Key Discussion Points & Insights
1. Metzinger’s Background and Motivation
- Interdisciplinary Philosophy: Metzinger details his philosophical education and commitment to bridging philosophy of mind with neuroscience, AI, and neuroethics.
- Purpose for The Ego Tunnel: He aimed to make philosophical issues about consciousness accessible to lay readers and to connect them with ethical and anthropological questions.
“I wanted to try if I can write a book that is accessible to normal people ... which combines just those issues in the field of consciousness research, of which I think these are the important issues everybody should know about.” (03:08)
2. Defining Consciousness
- Consciousness as a Bundle of Problems:
- Metzinger describes consciousness as multifaceted: mind-body problem, intentionality, unity of consciousness, and especially subjectivity.
“It is not one problem.
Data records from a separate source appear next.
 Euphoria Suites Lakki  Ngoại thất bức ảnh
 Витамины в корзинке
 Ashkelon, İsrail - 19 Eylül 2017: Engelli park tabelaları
It’s a whole bundle of problems.” (09:38)
- The First-person Perspective:
- The subjective, felt experience is unique to consciousness and central to its mystery.
“My very own sensation of green, or my very own feeling of happiness and relaxation is not a public object… it is, in a sense, which we haven’t fully understood, subjective.” (11:39)
- Working Definition:
- Consciousness as “the appearance of a world” (12:52)—that, whether waking, dreaming, or hallucinating, what matters is the qualitative appearance to the subject.
3. The Ego Tunnel Metaphor & The Illusion of Self
- The ‘Ego Tunnel’:
- Conscious experience is an internal, virtual simulation generated by the brain—the “appearance of a world” is a user illusion.
“Conscious experience is, so to speak, Mother Nature’s own virtual reality … It is a simulated internal space.” (24:39)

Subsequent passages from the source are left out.